DATASET EXCERPTS →
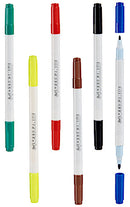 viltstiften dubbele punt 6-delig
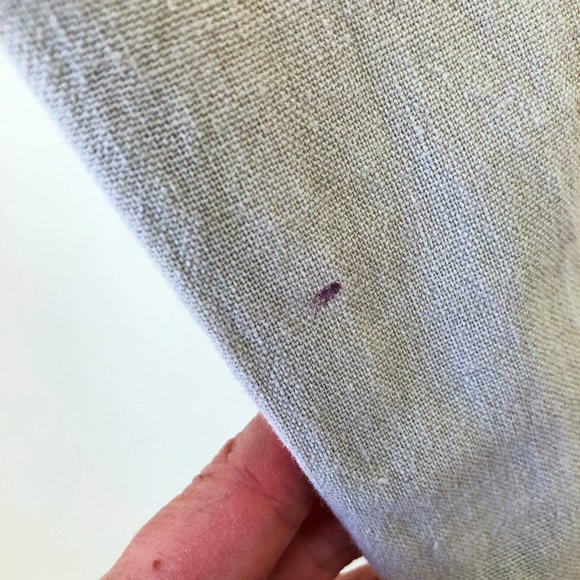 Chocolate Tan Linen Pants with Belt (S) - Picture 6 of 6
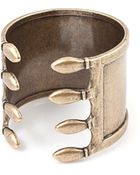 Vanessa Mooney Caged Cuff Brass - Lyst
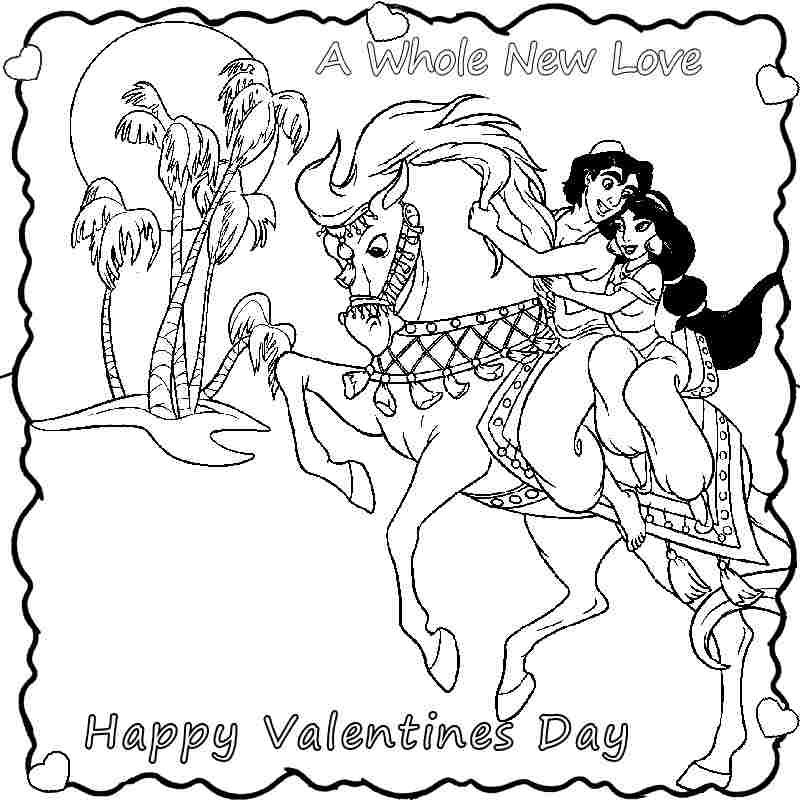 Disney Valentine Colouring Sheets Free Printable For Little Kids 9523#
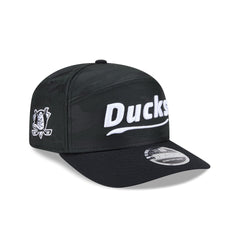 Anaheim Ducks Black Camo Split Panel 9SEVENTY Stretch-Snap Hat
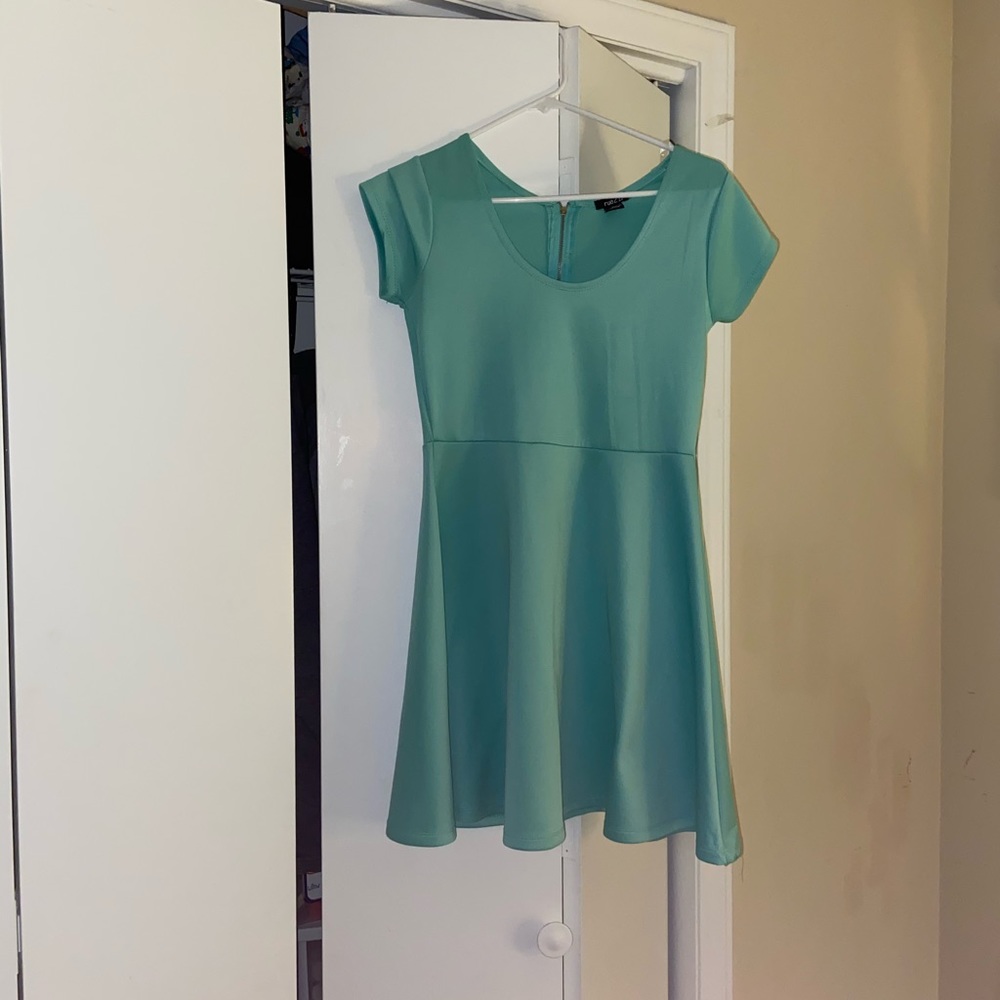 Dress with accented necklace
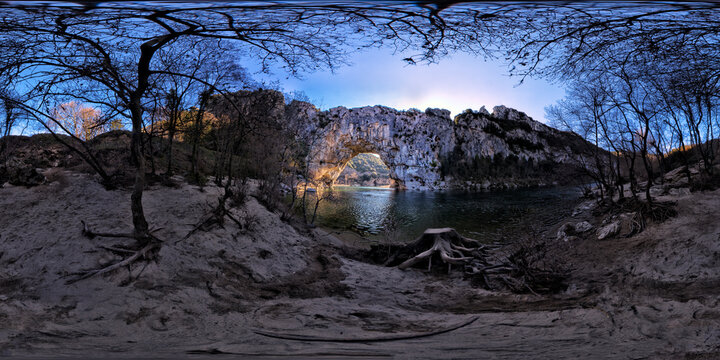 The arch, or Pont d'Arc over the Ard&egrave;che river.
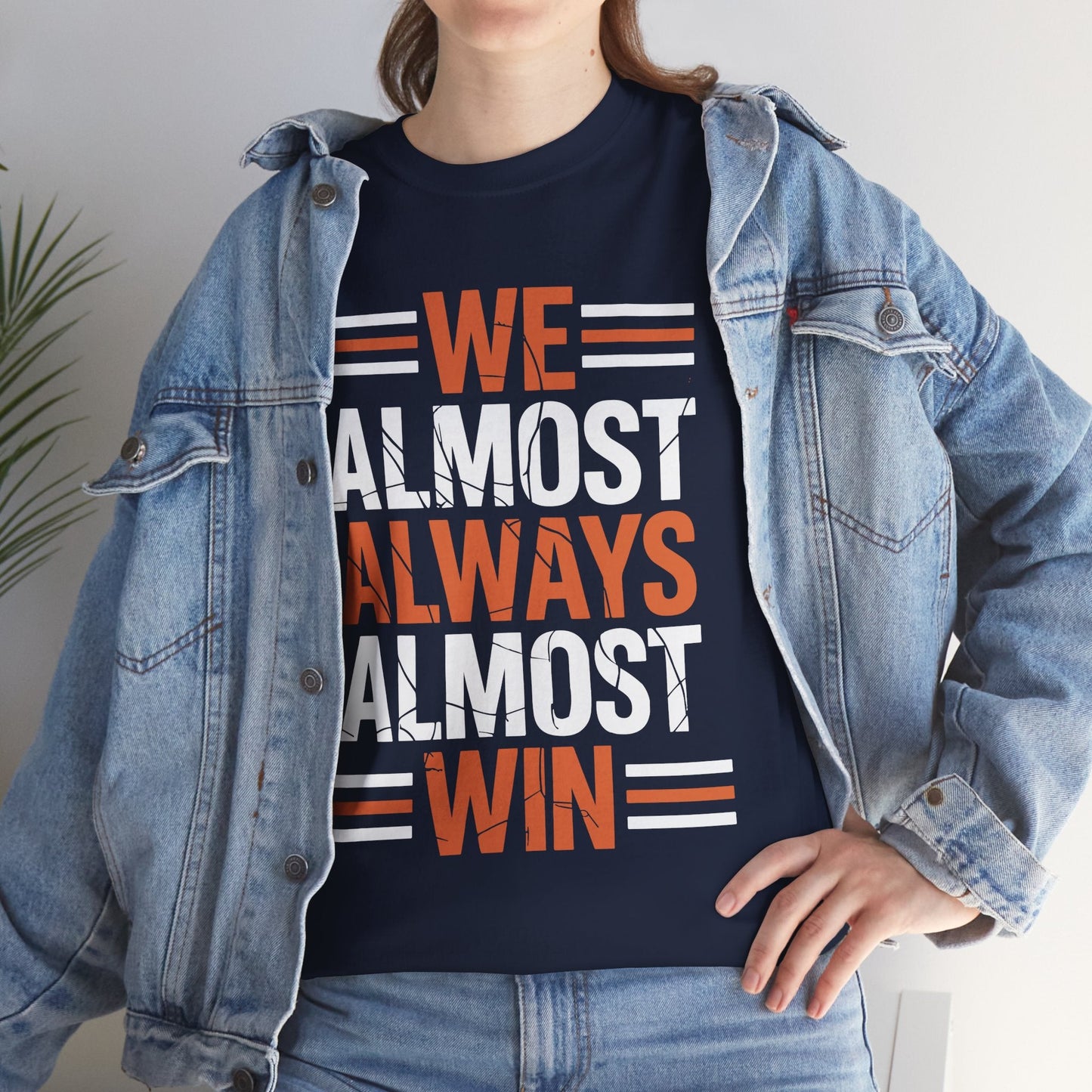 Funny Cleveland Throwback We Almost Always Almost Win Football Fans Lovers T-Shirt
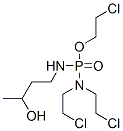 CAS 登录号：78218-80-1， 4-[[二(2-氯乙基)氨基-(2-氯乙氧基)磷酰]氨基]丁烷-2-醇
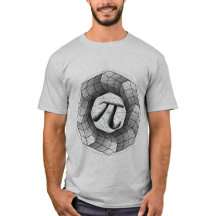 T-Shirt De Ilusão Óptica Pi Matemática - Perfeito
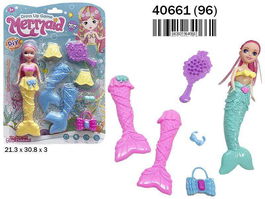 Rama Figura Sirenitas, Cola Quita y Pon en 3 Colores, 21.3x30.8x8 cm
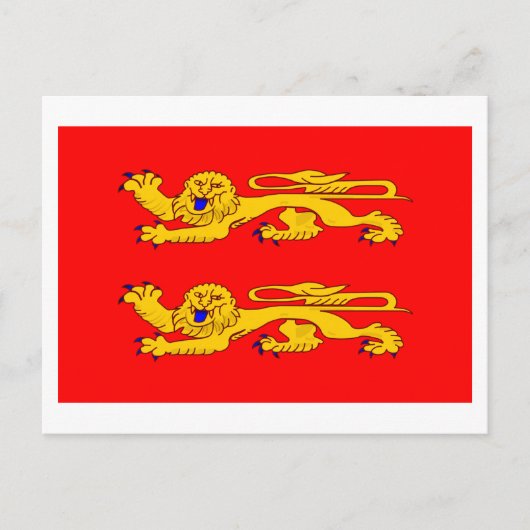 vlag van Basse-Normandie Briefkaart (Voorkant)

WHAT YOU NEED TO DO →
Reproduce precisely the lines of the entries above, from the one containing "T-Shirt De Ilusão" through the final one, both ends included, and omit the pictures.

REPLY TO THE TASK →
 T-Shirt De Ilusão Óptica Pi Matemática - Perfeito
 Rama Figura Sirenitas, Cola Quita y Pon en 3 Colores, 21.3x30.8x8 cm
 vlag van Basse-Normandie Briefkaart (Voorkant)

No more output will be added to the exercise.